══ Information provided ══
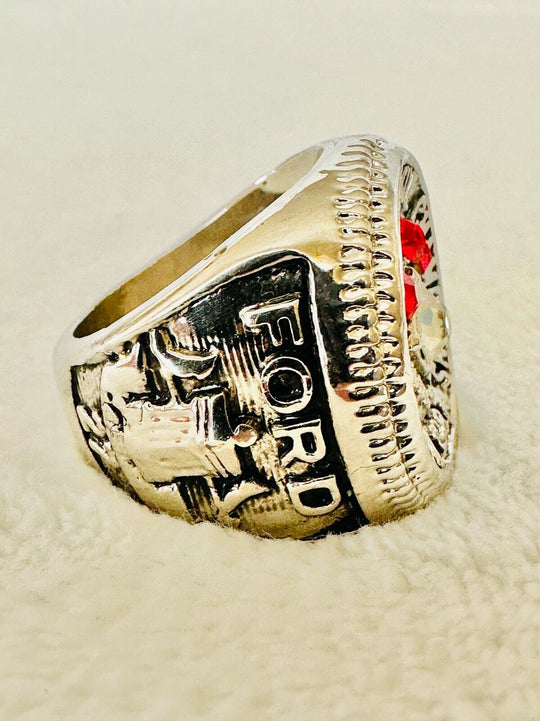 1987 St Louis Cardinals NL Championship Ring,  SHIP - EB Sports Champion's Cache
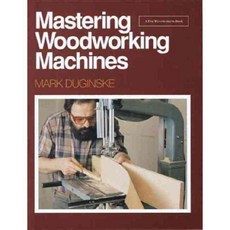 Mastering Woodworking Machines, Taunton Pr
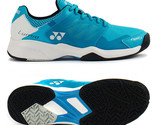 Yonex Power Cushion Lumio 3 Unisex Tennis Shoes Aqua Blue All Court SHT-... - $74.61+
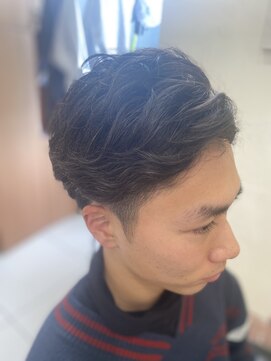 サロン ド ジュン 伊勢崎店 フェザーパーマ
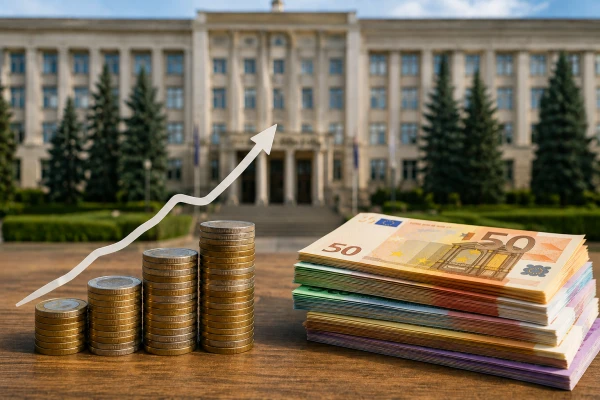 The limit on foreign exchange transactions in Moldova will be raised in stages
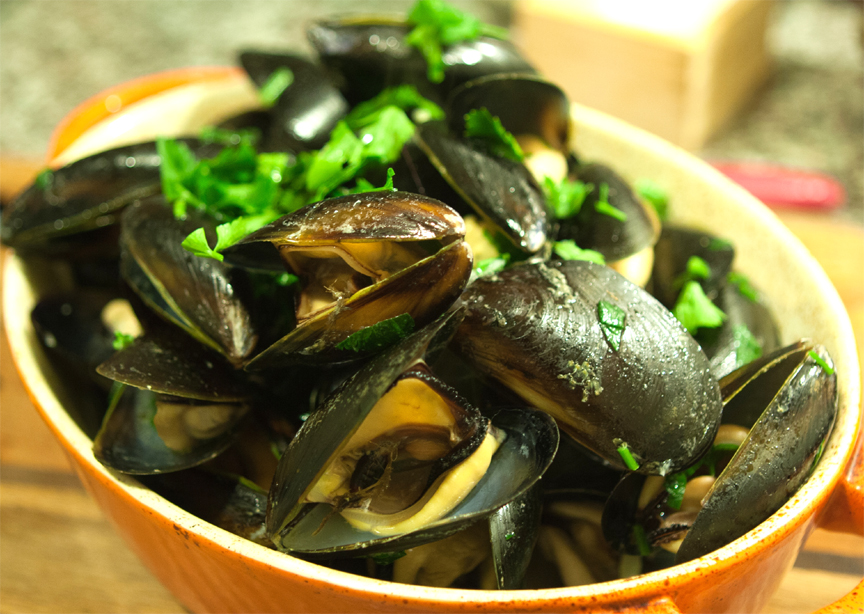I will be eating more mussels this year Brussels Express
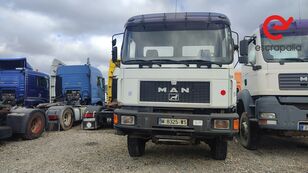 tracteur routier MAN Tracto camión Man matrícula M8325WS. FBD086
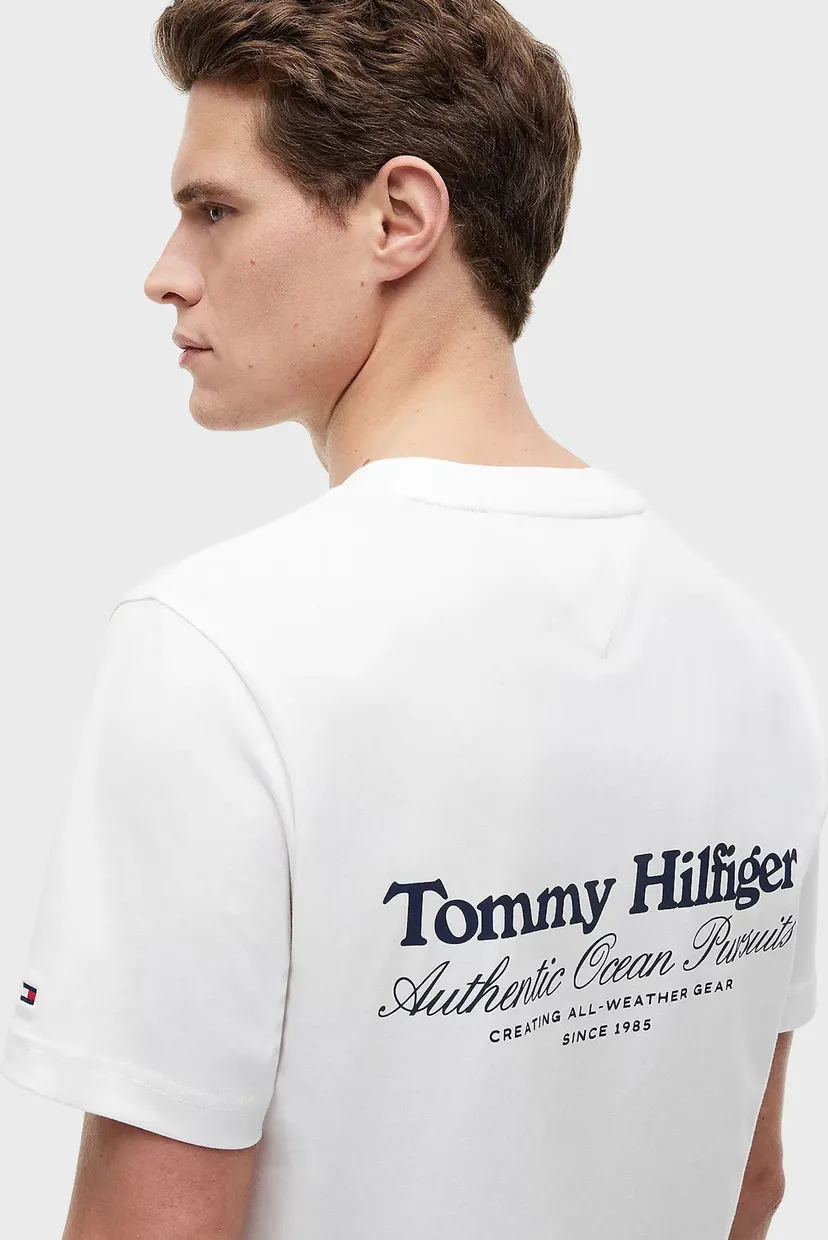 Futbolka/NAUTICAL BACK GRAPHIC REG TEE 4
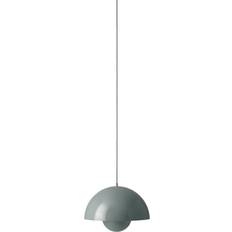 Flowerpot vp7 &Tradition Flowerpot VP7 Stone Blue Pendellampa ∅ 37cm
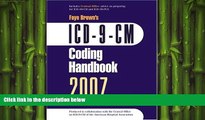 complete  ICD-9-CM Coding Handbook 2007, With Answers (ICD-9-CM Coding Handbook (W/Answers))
═══
> Activity:
Once the line containing "Futbolka/NAUTICAL BACK GRAPHIC REG TEE 4" has been found, write out exactly that line and each one after it through the end of the data, leaving out every picture.

> Solution to this problem:
 Futbolka/NAUTICAL BACK GRAPHIC REG TEE 4
 Flowerpot vp7 &Tradition Flowerpot VP7 Stone Blue Pendellampa ∅ 37cm
 complete  ICD-9-CM Coding Handbook 2007, With Answers (ICD-9-CM Coding Handbook (W/Answers))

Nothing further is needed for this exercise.